Kosovo Fails to Offer Protection to Whistleblowers

More than six years since the enforcement of the Kosovo law on the Protection of Whistleblowers, in 2018, Kosovo institutions continue to violate the law by retaliating against whistleblowers, Kallxo Përnime TV programme was told.

Demë Elezaj, a whistleblower and former employee at Prishtina International Airport “Adem Jashari” had his contract terminated after he reported irregularities in an airport runway investment in 2022.

“It was my professional responsibility as it directly concerned the safety of operations and people’s lives. I warned the management during the work, but they ignored it. The Civil Aviation Authority sent inspectors and confirmed my findings,” whistleblower Elezaj told the Kallxo Përnime TV programme on April 20, 2024.

According to the law, whistleblowers are supposed to be protected by the judiciary, but Elezaj’s case has not been addressed by the Basic Court of Prishtina. 

“At first, they suspended me claiming I had a private business which was prohibited by internal regulations, even though the labour inspectorate confirmed that the contract termination was unjust,” he said, adding that “this was a form of retaliation; they wanted to stop this kind of whistleblowing”.

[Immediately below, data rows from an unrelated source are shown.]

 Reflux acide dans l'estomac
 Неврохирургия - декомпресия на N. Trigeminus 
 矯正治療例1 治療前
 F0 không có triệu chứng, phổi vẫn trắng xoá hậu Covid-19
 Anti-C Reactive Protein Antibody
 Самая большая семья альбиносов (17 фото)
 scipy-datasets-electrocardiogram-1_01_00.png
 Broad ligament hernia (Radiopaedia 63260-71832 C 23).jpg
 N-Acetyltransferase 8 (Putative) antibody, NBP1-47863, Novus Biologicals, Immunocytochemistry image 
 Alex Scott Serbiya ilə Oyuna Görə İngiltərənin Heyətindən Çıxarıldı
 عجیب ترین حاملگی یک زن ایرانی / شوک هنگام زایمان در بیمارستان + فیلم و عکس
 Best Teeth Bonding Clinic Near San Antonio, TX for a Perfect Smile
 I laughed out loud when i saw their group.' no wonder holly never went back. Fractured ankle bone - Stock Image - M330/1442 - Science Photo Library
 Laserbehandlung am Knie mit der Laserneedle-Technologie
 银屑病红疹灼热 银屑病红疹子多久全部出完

The whistleblowing law stipulates that people threatening or obstructing whistleblowers in performing their duties should also be prosecuted. Kallxo.com found that despite cases where such hindrances and blackmail have been observed, no charges have been filed.

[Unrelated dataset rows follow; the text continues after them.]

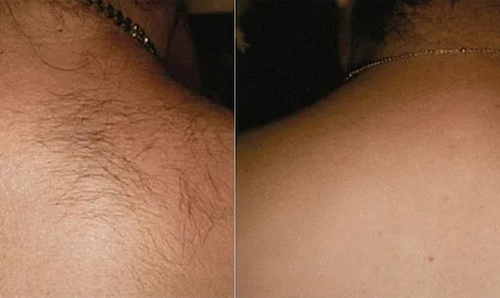 laser hair removal before after mississauga oakville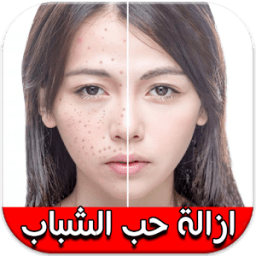 طرق إزالة حب الشباب "بدون نت" icon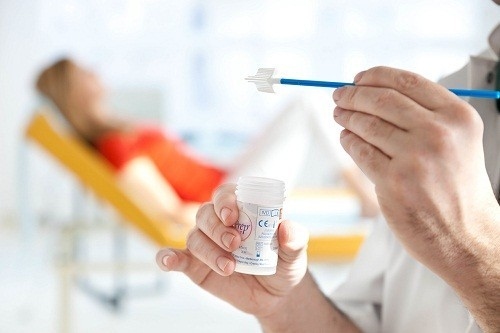 Xét nghiệm Pap và những điều cần biết
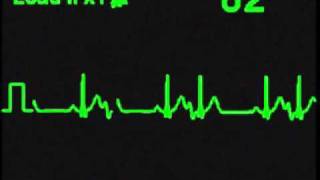 Atrial Bigeminy  ECG Simulator  Arrhythmia Simulator [upl. by Eniamrehc456]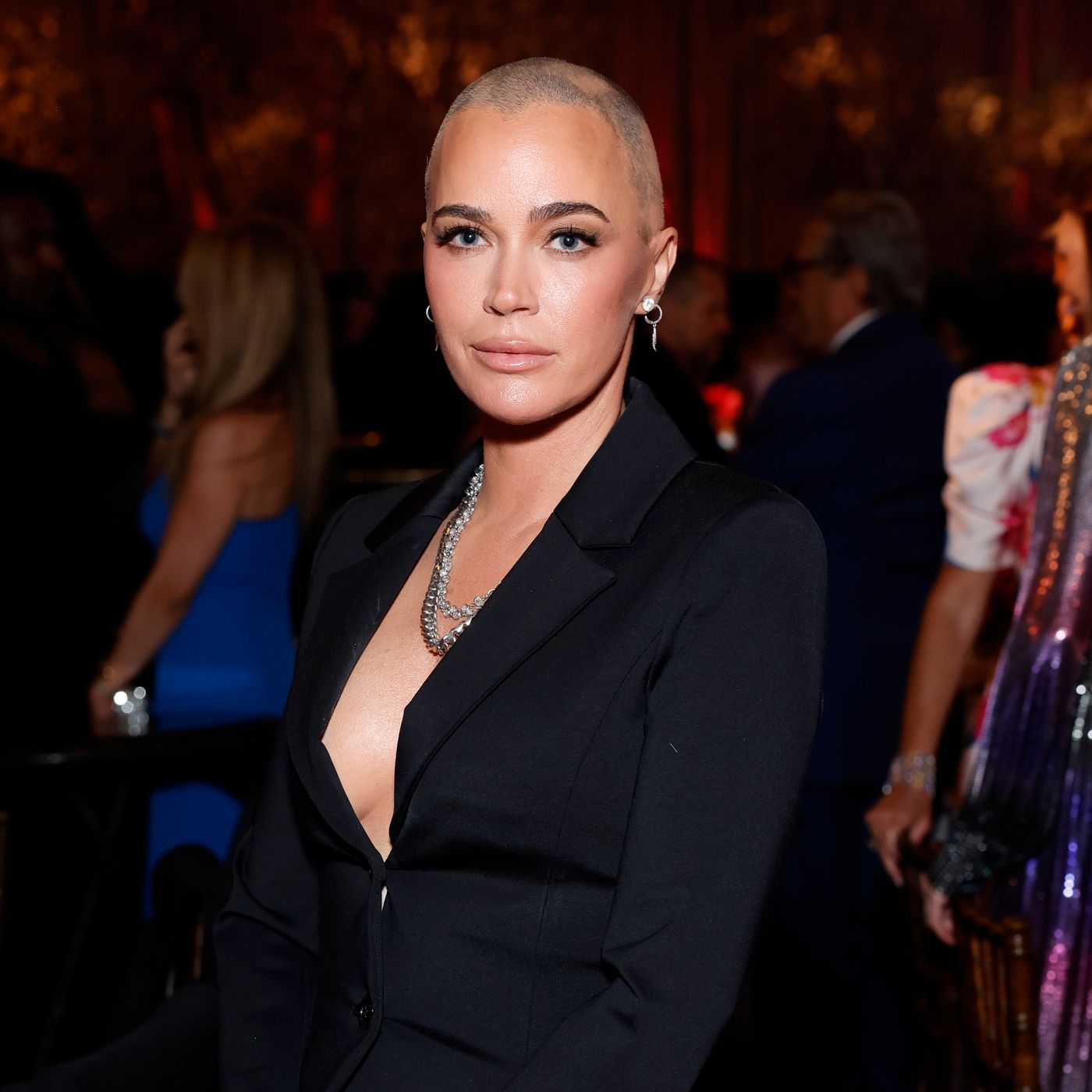 Teddi Mellencamp Shows Off Her Brain Surgery Scars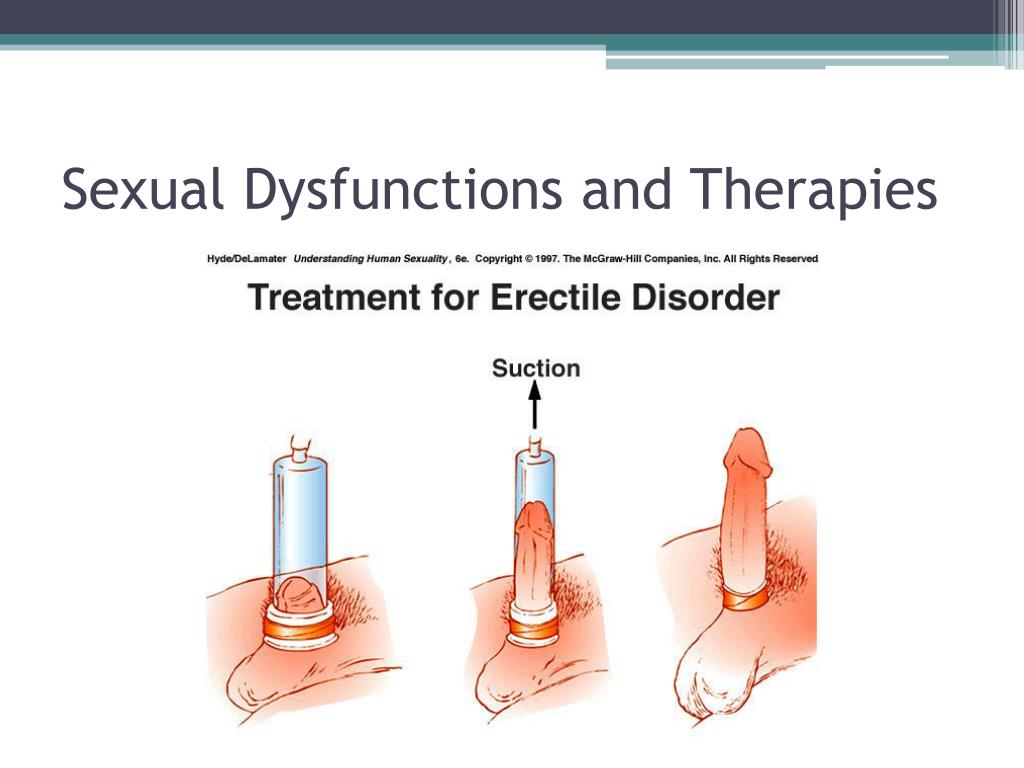 Pdf sex differences in learning comprehension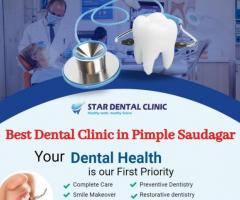 Dental Implants in Pimple Saudagar | Star Dental Clinic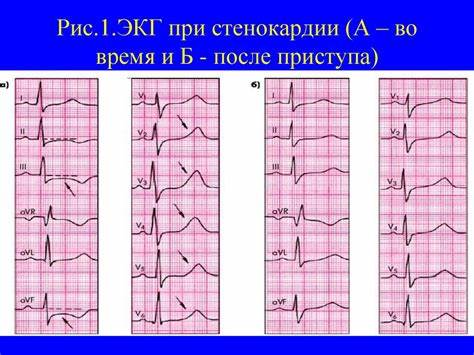 ИБС. Стенокардия. Инфаркт миокарда - презентация онлайн Картинка - ИБС. Стенокардия. Инфаркт миокарда - презентация онлайн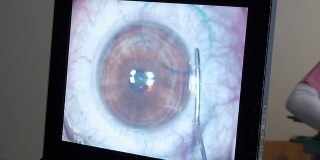 MACRO:激光眼科手术，第6步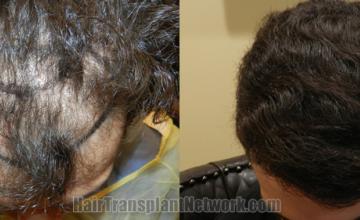  before and after result photographs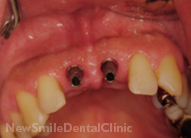 Dental Implants Case
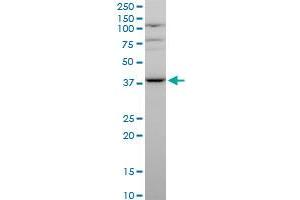 MVK polyclonal antibody (A01), Lot # 051116JC01. (MVK 抗体  (AA 297-396))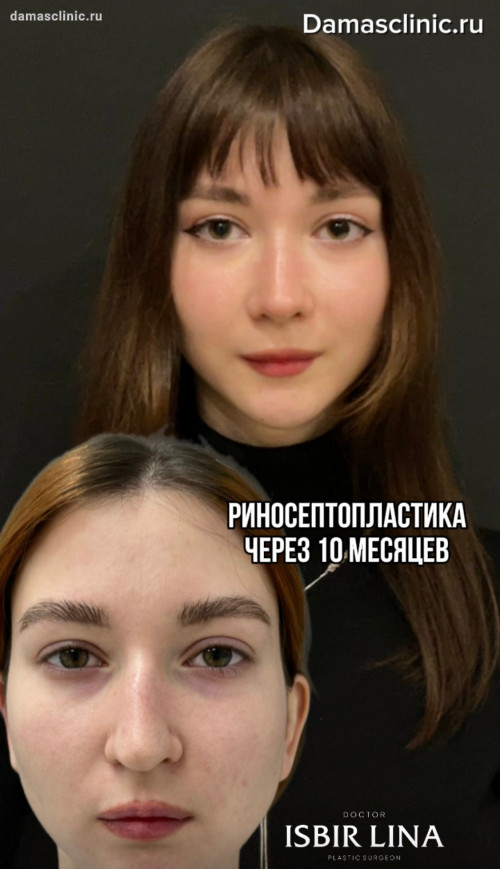 10 месяцев с момента женской риносептопластики с фото- и видео-результатами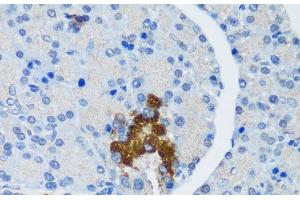 Immunohistochemistry of paraffin-embedded Rat pancreatic islet using TSC1 Polyclonal Antibody at dilution of 1:200 (40x lens). (TSC1 Antikörper)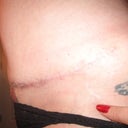 11 weeks post-op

Only 20 cases of whistleblowing were registered in the Anti-Corruption Agency in 2023. There is no indictment on retaliation against whistleblowers, Kosovo Basic Prosecutions told Kallxo.com. 

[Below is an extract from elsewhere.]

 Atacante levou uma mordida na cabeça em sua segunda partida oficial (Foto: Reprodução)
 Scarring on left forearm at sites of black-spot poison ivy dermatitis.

Ylli Buleshkaj from the Anti-Corruption Agency  told Kallxo Përnime that “there are not enough whistleblowing cases. Perhaps some are done through social networks and media and do not start this procedure…The problem is also that many officials abandon their duty to accept reports, and then they are not replaced”.

Lawyer Xhevdet Smakiqi, told Kallxo Përnime TV programme, that employers “degrade and attack because they are prohibited from taking disciplinary measures against whistleblowers. According to the law, employers are prohibited from demoting the whistleblower” and in many cases, employers hide this as “restructuring of the enterprise”.

“I think they see whistleblowers as obstacles and want to avoid scrutiny,” Smakiqi said, adding that “delays from courts further demotivate workers from starting this process”.

The law also protects whistleblowers for reporting in the media after the case has been reported to internal institutional mechanisms without any results, however, the Kosovo public broadcaster, Radio Television of Kosovo, RTK, punished one of its workers, Fadil Hoxha, for reporting issues

During 2022, Hoxhaj exposed several serious violations that affected the board and management of RTK and the Government of Kosovo. He testified at the Anti-Corruption Agency and in the Prosecutor’s Office of Kosovo regarding suspicions of misusing RTK funds.

Hoxhaj, who also leads the RTK workers’ union signalled manipulation at the board level in the competition for the General Director, which later led to the call being cancelled.

Hoxhaj was then demoted from his position, a case which he had sent to the court and the labour inspectorate leading to RTK being fined with three thousand euros for unfair demotion.

“The then-director (in December 2022) arbitrarily decided to terminate my contract, which sparked internal and international reactions, thus making them withdraw this decision”, Hoxha stated.

“We intentionally made the whistleblowing public so that employers cannot punish workers,”  Hoxha told Kallxo Përnime TV programme, adding that his co-workers are pressured to cut ties with  whistleblowers but they are not obeying.

“When a whistleblower goes to court, they see the other party exploiting all the infrastructure of the institution starting from official vehicles, legal offices, and without any consequences for them. We are financially damaged,” Hoxha added.

Similar retaliations occurred at the Kosovo Post. Two workers were demoted, they later sued this institution for violating the whistleblowing law.

Albana Hasani from the NGO Lëvizja Fol stated that responsible whistleblowing officials “have different professional profiles and very little knowledge of current legislation. Then these officials do not have personal offices, whistleblowers often are not willing to report to an office with many people”.

The provisions of the law for the private sector have never been implemented and there is no awareness of the existence of this law, a responsibility of the Labour Inspectorate.

Lawyer Burim Azemi, however, told Kallxo Përnime that the law is very “clear. We should not have court cases”.